Target has spent the last several years modernizing our technology stack and advancing our in-house development capabilities. We’ve grown to a global team of over 4,500 incredibly talented technologists and created a culture of testing, learning, and agile processes to great success. This journey has led to an uptick in fantastic new homegrown innovations that help make Target a joyful place to shop and work.
We’re here to highlight one internal innovation in particular – myTime for Target, a mobile scheduling app for our field team. myTime for Target was built in-house from the ground up and rolled out last year to enable a more connected and engaged field workforce. Team members can voluntarily use the app as another way to digitally view their schedules and timecards, indicate availability preferences, and request coverage for shifts as well as pick up new ones.
How We Started
myTime for Target started as many engineering discussions do – ideating about how we can deliver purposeful capabilities that improve an experience for our guests and/or team. In this case, the team asked itself: How can we make scheduling more efficient for field leaders and more flexible, convenient, and empowering for field team members?
It’s this type of experience-centric approach that guides our product engineering team here at Target. We spend time understanding the personas of who we are building for and what they value most. In this situation, we wanted a tool that would provide our frontline team members with more options of working when they want as well as more adaptability and control in managing their own schedules. We wanted this to be an impactful investment in technology that would translate into a meaningful investment in our team.
Developing the Technology
We needed a solution that would be easy to use and could scale to meet the needs of 350,000+ hourly team members across the country. We also needed a solution that emphasized responsiveness but could manage difficult data structures comprised of large volumes of schedule and timecard data.
Target’s technology product model really proved advantageous once we determined our objectives and requirements. There was no need to devise new technologies – we built the app and its features completely on our existing technology stack. It was a testament to our years of investment in developing a customized platform and microservices architecture.
We started defining minimum viable product parameters by engaging with distribution center partners and focusing on key improvements to their process. Schedule preferences and visibility were important to one portion of that team while the ability to manage and communicate about voluntary and mandatory schedule changes were critical to another portion. We built these functions into the app and began testing them with a single distribution center and a couple thousand team members.
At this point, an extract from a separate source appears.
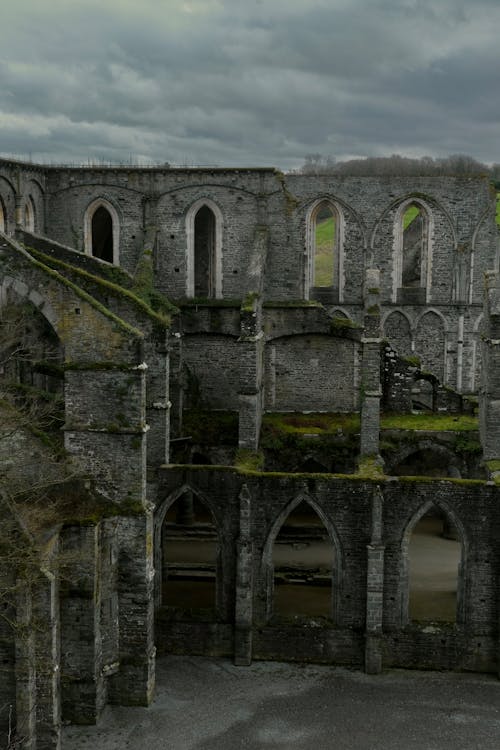 Free stock photo of abandoned building, abbey, forest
During the process, our team pivoted to producing data from Kafka and consuming it into caches that serve the myTime for Target application. All of this operates at and for Target scale showing a minimum amount of delay between the underlying administrative system and the mobile application, while maintaining integrity of our scheduling and timekeeping data.
Testing and Learning
We slowly expanded the number of distribution centers we worked with and continued to improve the app’s functionality based on more input. Focus group feedback gave us valuable insight on how team members were using myTime, what additional features would be helpful to extend our use cases, and how we should adjust engineering priorities as we continued to expand the pilot. Early on, our engineers built a “request to cover” option where team members can post and swap shifts or pick up more hours simply, and with automatic approvals that account for data complexities. The capability has helped speed up the time it takes for some weekly scheduling and planning processes to just a few minutes.
With an average of over 70 interactions per second on the platform by team members, we have helpful user feedback arriving via multiple channels and our team continues to make additions, corrections, and improvements to the platform through weekly releases. Our goal remains the same – a solution that streamlines tasks and improves the scheduling experience.
We’re proud of this technology we’ve built and the positive impact that it’s having for our team members and leaders. And much more is possible. As we work to deliver additional scheduling capabilities and features, we will provide more opportunities for deeper engagement, improved work life balance, and a more empowered and connected workforce. The app and our engineering process is proving that both what we build and how we build are competitive differentiators for Target.